Wniosek Teda zwrócił uwagę władz stanu na nieuregulowaną prawnie kwestię jego istnienia. Czy powinien być on uznawany za istotę ludzką, czy raczej należy go traktować jako przedmiot? Wszyscy, poza głównym zainteresowanym i jego przyjaciółmi, skłaniają się ku drugiej opcji. Sprawa trafia do sądu, a angażuje się w nią również Hasbro, największy na świecie producent zabawek, któremu bardzo zależy na tym, by Ted nie był uznawany za osobę.
Jeśli wydaje się wam, że taka historia stwarza całkiem spory potencjał humorystyczny, to macie rację.
Rzeczy w tym, że można go było wykorzystać na wiele sposób, a Seth MacFarlane, reżyser i scenarzysta filmu, zdecydował się uderzyć w komizm, który nie do końca mi odpowiada. Choć przyznaję, na sali kinowej byłem raczej wyjątkiem.

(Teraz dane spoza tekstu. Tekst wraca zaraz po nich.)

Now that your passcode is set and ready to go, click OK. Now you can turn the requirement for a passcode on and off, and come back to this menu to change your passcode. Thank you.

Przekrój dowcipów jest szeroki, jednak w zdecydowanej większości obracają się one wokół trzech tematów - masturbacji, penisów i narkotyków. Nie twierdzę, że to źle - "Ted 2" z założenia miał być właśnie taką komedią. Problemem jest jednak fakt, że wszystkie te żarty i gagi są oklepane, oczywiste, absolutnie niedwuznaczne i pozbawione jakiejkolwiek subtelności, a na domiar złego - wcale nie są kontrowersyjne.
"Ted 2" nie jedzie po bandzie, a co najwyżej się o nią ociera.

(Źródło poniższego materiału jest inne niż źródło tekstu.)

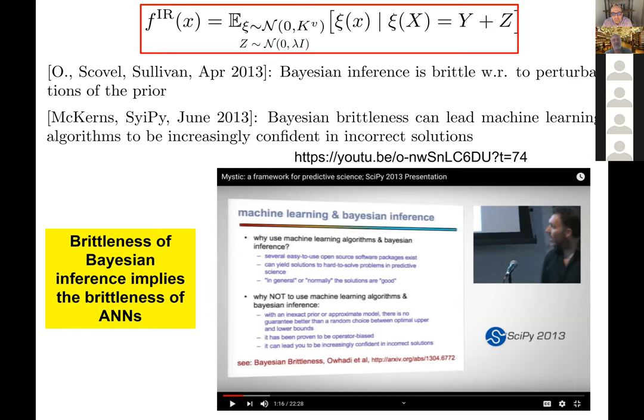That's a great comment. Thank you again, Houman. Really appreciate your time for the excellent presentation.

Film nie próbuje szokować agresywnym humorem, nie przekracza granic, ani nic z tych rzeczy. Już nawet opening "South Parku" jest odważniejszy. Poślizgnięcie się na spermie albo rzucanie gównem - na tym opiera się większość gagów tego widowiska.
Trudno dopatrzeć się jakiejkolwiek wartości w odwołaniach do popkultury, bo sprawiają one wrażenie przypadkowych. Pojawienie się na ekranie Liama Neesona czy Morgana Freemana bardziej niż do śmiechu, skłania do zastanowienia się, czy czytali oni wcześniej cały scenariusz, czy tylko jego urywek.
"Ted 2" ma parę momentów, które wychodzą poza opisany wcześniej schemat. I te bywają naprawdę udane.
Jest ich na tyle mało, że nie są w stanie ani zmazać złego wrażenia, które pozostawiły po sobie kloaczno-falliczne żarciki, ani tym bardziej uratować tego dzieła. Zasadniczo trudno mi polecić ten film, mam jednak świadomość, że znajdzie się niewąskie grono osób, którym przypadnie on do gustu. Wystarczy inny rodzaj poczucia humoru niż ten, którym dysponuję ja.